» Material provided:
+ + + + + + +

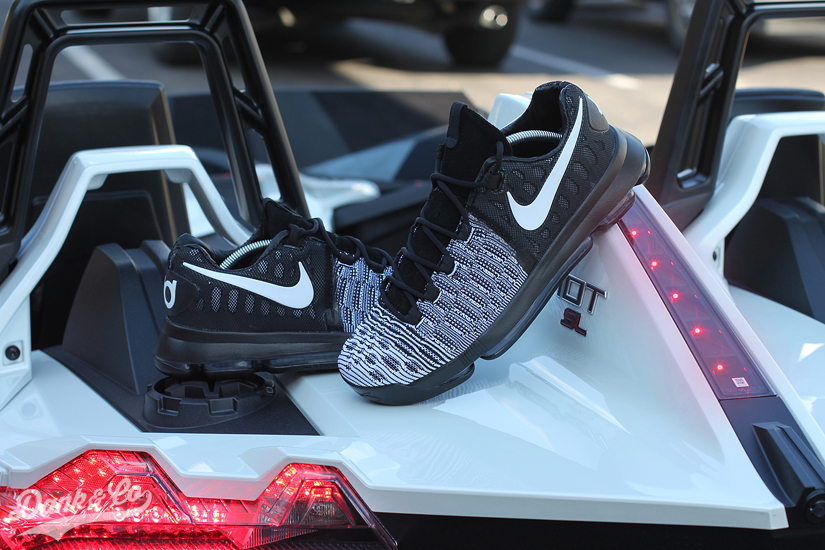 Nike KD 9 Revision Dank Customs - Sneaker Bar Detroit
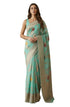 Vasthrlay Jacquard Floral Saree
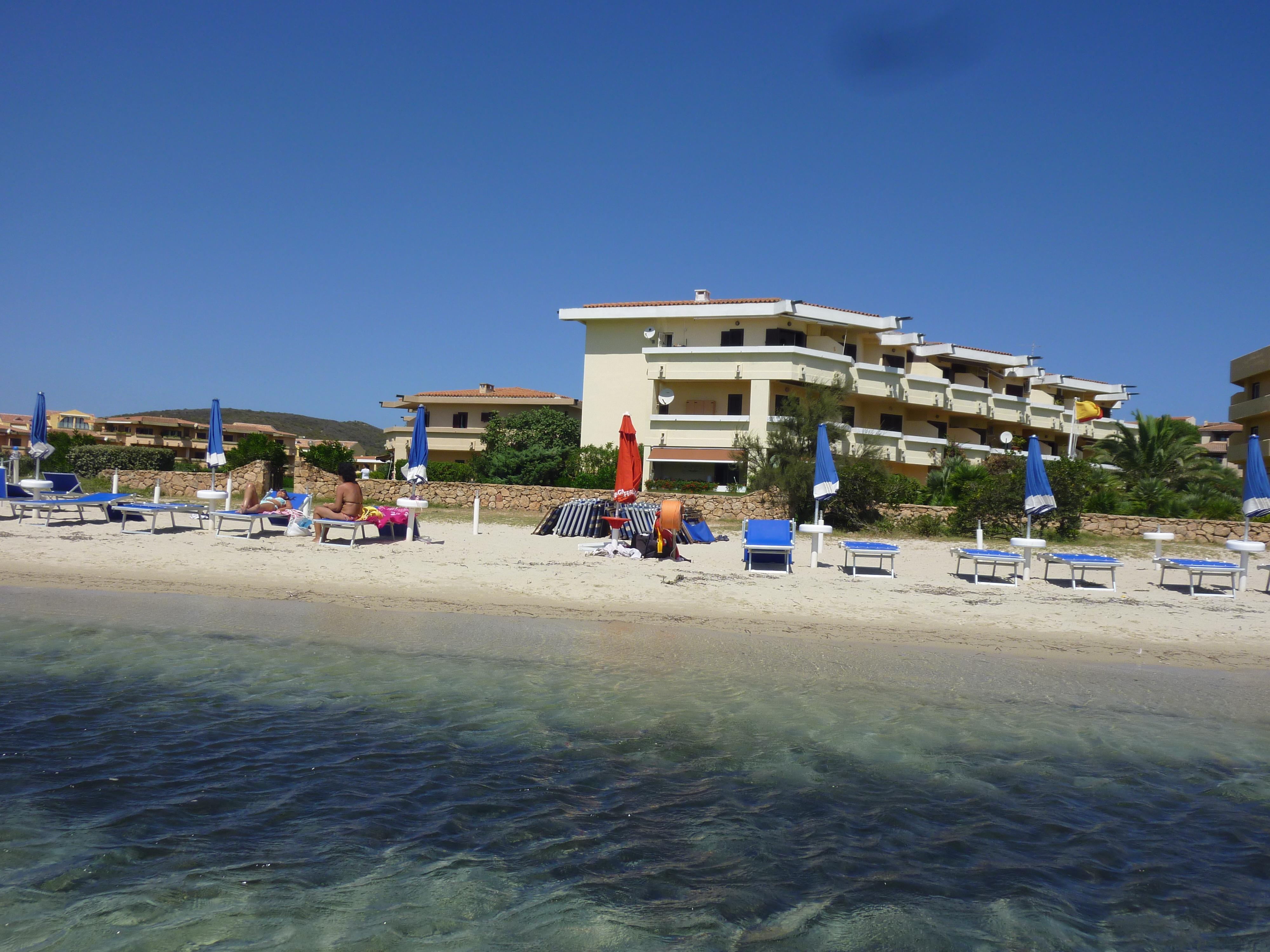 Terza Spiaggia & La Filasca - Apartments Golfo Aranci Dış mekan fotoğraf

+ + + + + + +

» What is needed: What you print must be exactly the lines from the one containing "Vasthrlay Jacquard Floral Saree" through the last line of the material, and no pictures.

» Your response:
 Vasthrlay Jacquard Floral Saree
 Terza Spiaggia & La Filasca - Apartments Golfo Aranci Dış mekan fotoğraf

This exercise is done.